The problem as I see it is I asked the wrong question. I asked for advice on Novels, and I got novel-specific answers, when what I really meant,
what I should have asked, was advice on conceptualizing plots bigger than a short story can tell, because that's what I can't seem to do. My mistake not being clear enough on the onset.
To give you an example, here are the plots of some stories I've sold:
- Obsessed fan and celebrity stalker summons the ghost of the celebrity he is obsessed with, so he can be with her. It does not end well.
- A giant parasitic wasp lays eggs in a man's stomach; the pupi don't just eat his insides but take control of his body to protect the other pupi in their gestation period from predators. Here's the blow-by-blow of that from his PoV. (That wasp exists in nature btw; eek)
- A hitman is sent to kill someone, only to discover too late his target is really a vampire and he was sent as the vampire's surprise birthday present.
If I took every bit of advice from this thread and tried to make those ideas novel length, they'd fail miserably.
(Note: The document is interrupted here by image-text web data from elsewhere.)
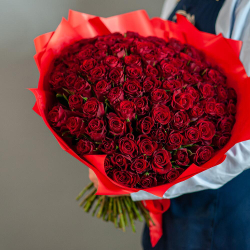 101 красная роза оформлении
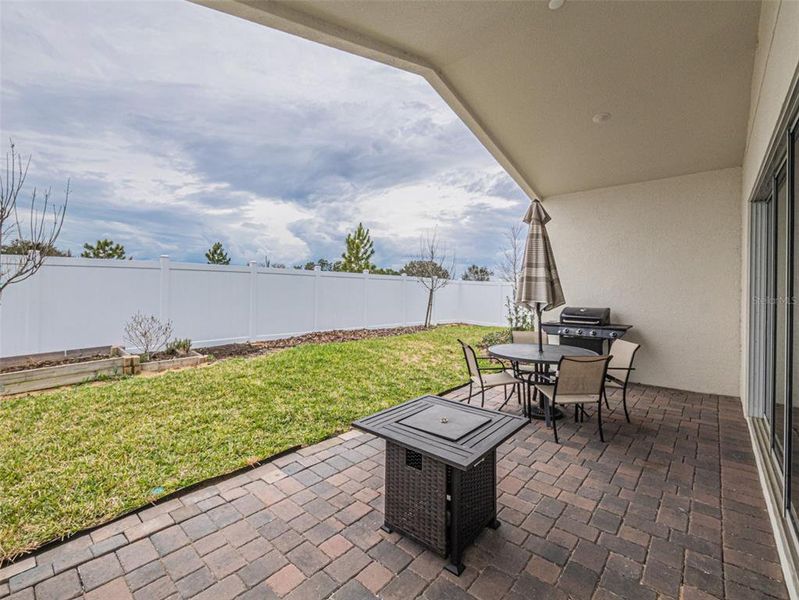 Exterior details and patio area of a home in Horizon Isle, Winter Garden (Image 3). Exterior details and patio area of a home in Horizon Isle, Winter Garden (Image 3).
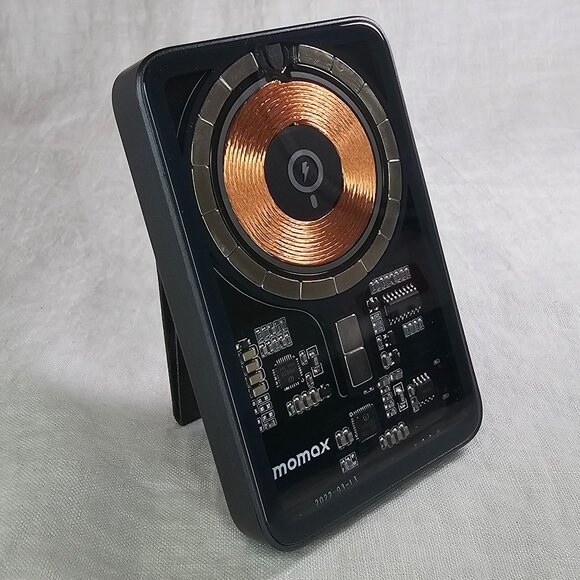 Momax Q.Mag Power 8 5000 mAh Magnetic Power Bank Portable Wireless USB-C Charger - Picture 1 of 9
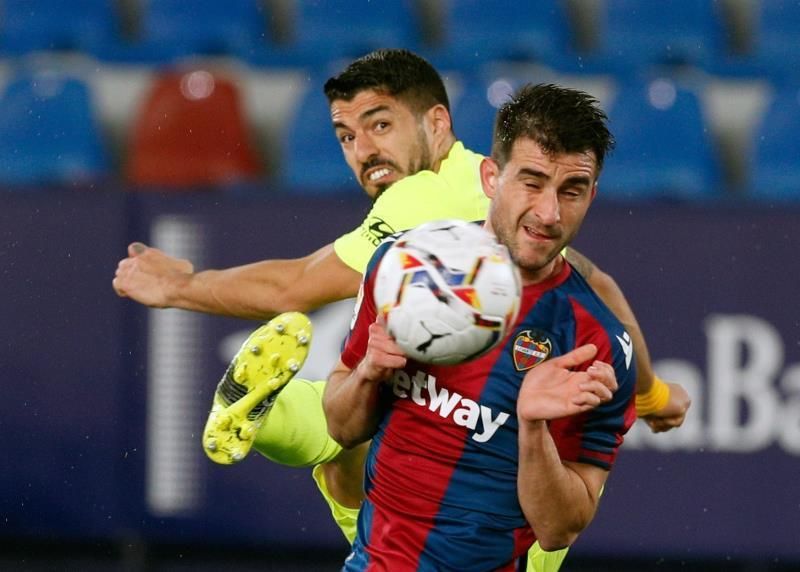 Sergio Postigo se lesiona en el calentamiento y es sustituido por Malsa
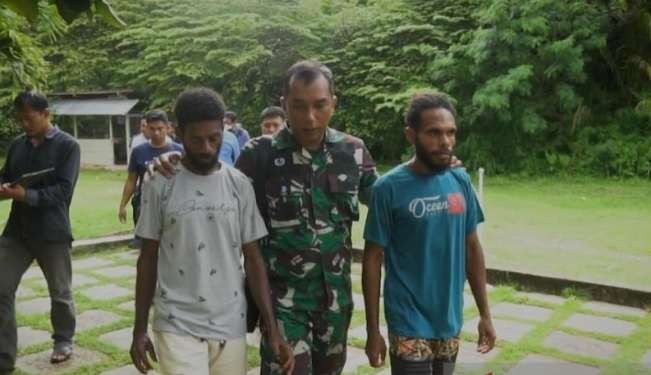 Dua anggota Tentara Pembebasan Nasional Papua Barat-Organisasi Papua Merdeka (TPNPB-OPM) menyerahkan diri. (Foto: Ant)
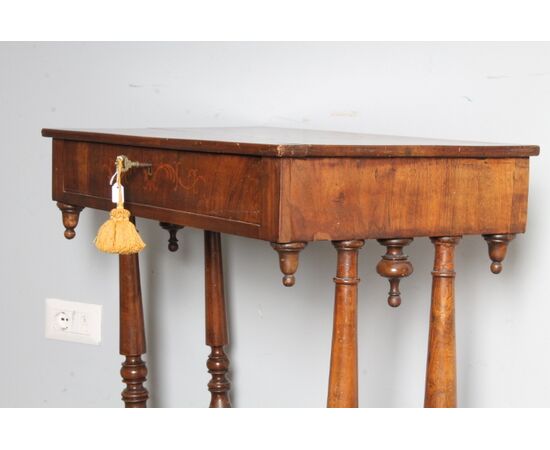 Antico tavolinetto – scrittoio  Carlo X 1830 noce e acero intarsiato . Mis 73 X 42 H 75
No matter how much character, depth, tension and layers I throw at it, that is just not a big enough to build a novel on. There's no room for extra obstacles and subplots. It's not interesting enough to be a novel, and quite frankly no one is going to be interested in reading 300 pages about a celebrity stalker. But most of all of that characterization and layers distract from it, because the point is the twist ending or the events of a single scene. The ideas I have generally can be resolved within four scenes because there's no room for expansion in them.
What I am looking for is direction on creating a
plot that requires a lot of steps, that cannot be tackled in a short space. Take for example, "One man takes down an empire." You cannot show that in a short story because it requires too much setup, too many events have to happen to reach that resolution. That is a Big idea, it has a large Scope. I want to think on that level, conceptualize ideas with enough room For a subplot or multiple steps or growth.